The Markov Property. The future is conditionally independent of the past given the present. This is the defining rule of the chain: once you know the current state, the history of how you got there adds no predictive information. The property is simultaneously a mathematical convenience and a tension with human meaning, which lives in long-range dependencies that the property throws away—reference, narrative continuity, the kept promise. The entire arc of language model development is a struggle to stretch the “present” far enough to capture the dependencies that matter.
Transition Probabilities. The chain’s content is a matrix of numbers: for each possible current state, the probability of transitioning to each possible next state. These numbers must be non-negative and sum to one for each current state. In a language model, the “transition matrix” is not a stored table but a function computed by a vast neural network from the full context. The function is incomparably more powerful than a table, but the fundamental object it computes is the same: the probability of each next token given the current position.
The Stationary Distribution. Under mild conditions, a Markov chain eventually settles to a fixed distribution—one that is self-reinforcing under the chain’s own transition rule. This is the result Markov proved against Nekrasov: dependent events, run long enough, converge. It is also the mathematical foundation of Google’s PageRank algorithm, which defines the importance of a webpage as its probability under the stationary distribution of a random walk over the link graph.

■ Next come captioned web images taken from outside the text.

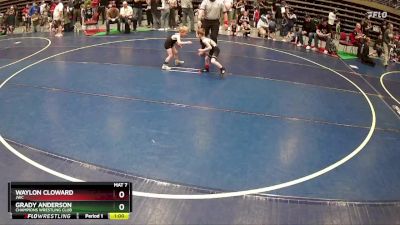 42 lbs Cons. Round 3 - Waylon Cloward, JWC vs Grady Anderson, Champions Wrestling Club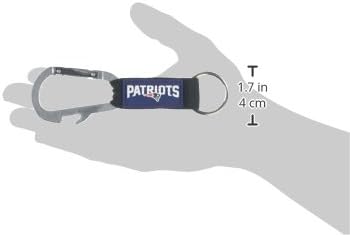 NFL New England Patriots Carabineer lanac ključa, mornarica, jedna veličina
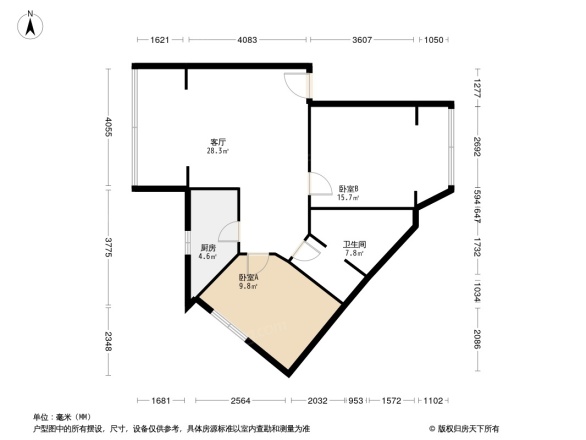 彩虹街61号院户型图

Generation as a Walk. To generate a sequence, run the chain forward: from any state, sample the next state according to the transition probabilities, step there, and repeat. Shannon used this method in 1948 to generate letter-by-letter approximations to English. A modern language model generates token by token in exactly the same way, except that the state is the entire context window and the transition probabilities are computed by attention-based neural networks. The output is the record of the walk: a path through a vast space of possible continuations, shaped by the transition structure learned from training data.